Friday 13 December 2013

George Town

It was super windy again today, almost to the point where if was hard to walk in the gusts. A bloke told us that they're always worried about small tents parked there as they do get blown away from time to time. Just as well we'd opted for a cabin 
then. 

But in a bid to help the poor old campers, the owner put a proper metal fence along the wind side of the site, only to have it blow down within days. So they called the insurance company who were going to send assessor to sort out the repairs. However, before they could, it blew back up again and has been standing perfectly for a few months. Still glad we were in a cabin though!

Hannes met us where we camped and we went riding together, albeit only for a few kms before we spotted Belle's tea shop don a side street, which was just begging to be tried out. It was pretty good and the date scones were excellent.



But we eventually got going again. Hannes was on his Transalp but didn't seem to mind our stately pace, and sped ahead to set up photos of us plodding along.




I was quite surprised by George Town. For a seasoned settlement of 200 years with quite a bit of certified history, it was a bit vague and soulless. 

Governor Macquarie camped on the beach with his wife in their official tent, having been fed and watered by the crew of their ship, Sea Force One or whatever it was called, on December 18th, 1811. It didn't say whether they had a windy night or not, but they did toast the prosperity of the town soon to be built - George Town.  And one more claim to fame - John Batman stayed at the Waterloo Tavern there in 1835. He was the bloke who founded what later became Melbourne, although he called it 'Batmania'.


There were some pretty cool pavement mosaics dotted along the main street which brightened the place up a bit, and offset the feebly inconsequential Christmas decorations. 






And a mermaid statue opposite the tea place. 


After that we rode on to Batman Bridge, the major bridge over the Tamar River and of course named after Mr Batmania. Built in the 1960s, it was for a while the biggest bridge of its type in Australia. 

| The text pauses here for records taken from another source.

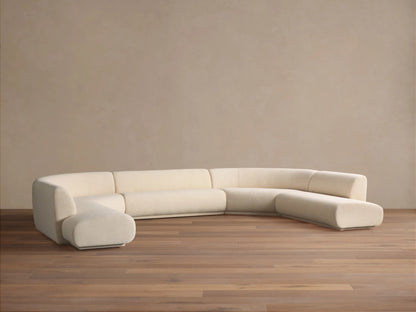 Cream Gianni Five-Piece Curved Bumper Sectional, low-profile and modular, on wood floor against a plain wall.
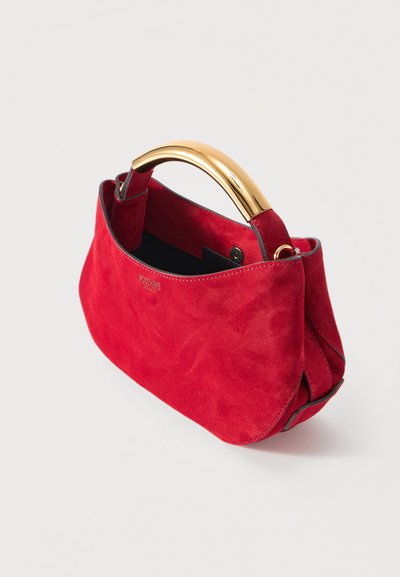 Κόκκινη τσάντα χειρός από σουέτ με καμπυλωτή χρυσή μεταλλική λαβή, μαύρη εσωτερική επένδυση και διακριτικό λογότυπο της μάρκας στο πλάι.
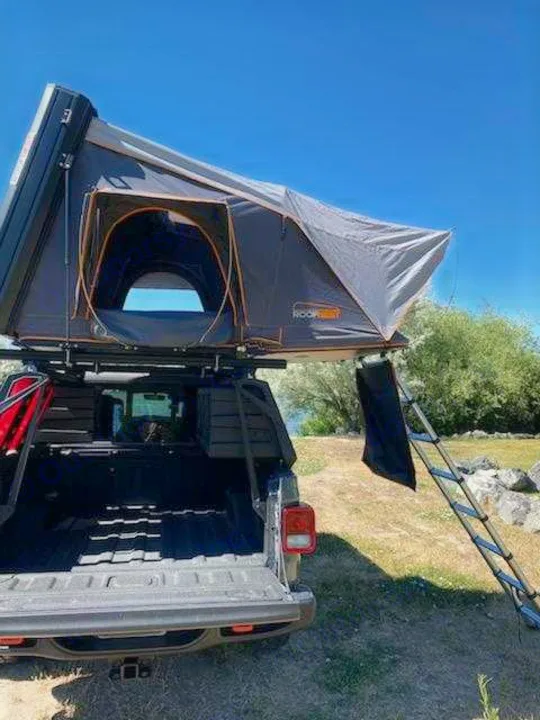 This **RV rental** features a rooftop tent mounted on a truck, set up with its ladder extended, ready for outdoor adventure and camping.. Other Other 2021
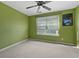 Bright bedroom features a ceiling fan, large window, and neutral carpeting at 3937 Sautee Trl, Conley, GA 30288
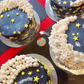4 star-spangled moon cakes decorated after a DIY cake decorating party.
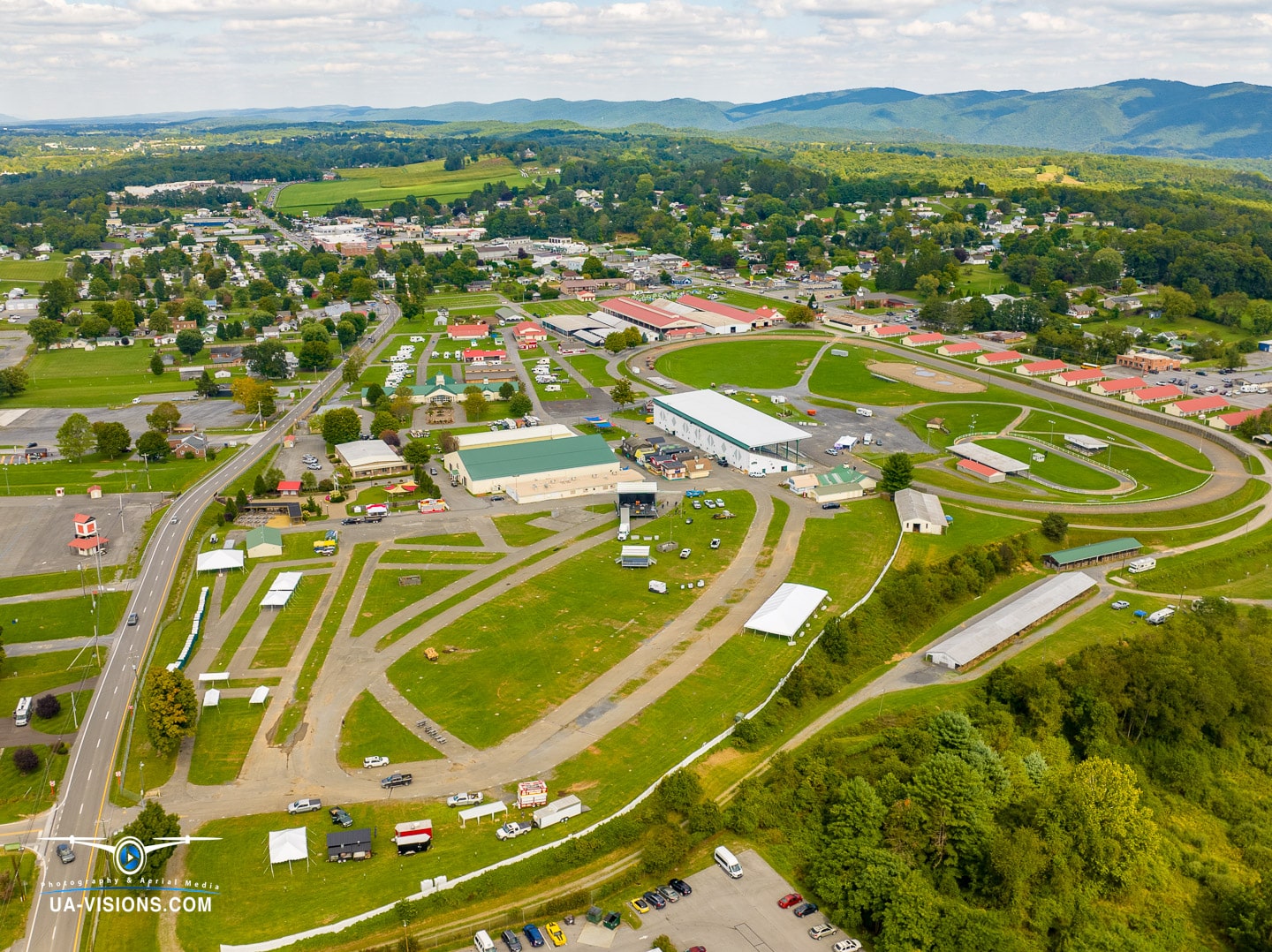 Aerial view of a vibrant community event space in Appalachia, showcasing diverse facilities and green spaces.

It's actually quite a feat of engineering but a bit scary in the wind, with trucks going by as it wobbles. And the wind whistles up through grates in the tarmac, making weirdo ghost noises.


The wine route winds up through the Tamar Valley, probably giving good views as it does. But we were too busy hanging on to take much notice, although the winery at Goaty Hill did stand out as a notable point, if only for its superb name.


We suddenly turned up in the middle of Beaconsfield, which we had been to several weeks ago and had suffered some dreadful coffee. It's another if those quiet country towns where life is pleasant, and nothing much happens, but as we sat at the side of the street, a battered old car driven by an equally battered old man drove by, pursued by a copcar with lights flashing and sirens blasting, trying to stop him. 


But did the old bloke in the old car stop? Nope. He just kept going, completely oblivious to anything around him. It was pretty funny, especially as we could still hear the sirens as they followed him around the town. 

After that bit of excitement, we continued into Greens Beach at the top of the valley. It was a pretty nice beach, looking out towards Low Head and the penguin colony.


The plan was to sleep that night in Launceston, so we headed back in that general direction via Grindelwald. We had to go there because back in the summer,  we had been to Grindelwald in Switzerland on a ride up the unpaved roads in the Alps. 

The Swiss Gridelwald was ridiculously expensive, catering for wealthy Swiss skiers. This Grindlewald, a resort with a golf course, hotels, and shops was created in the 1980s as a reminder for a Dutchman who had been to the Alps on holiday. It was also pretty pricey but as we only wanted food and not a house, it was ok. However, it was a proper alpine village, complete with alpine chalet houses but in Australian surroundings. Very odd but quite nice.


Having finally reached Launceston, we dumped out stuff and went out in search if food. Hannes joined us, and Lordy be, we found a proper British boozer, complete with good pub grub.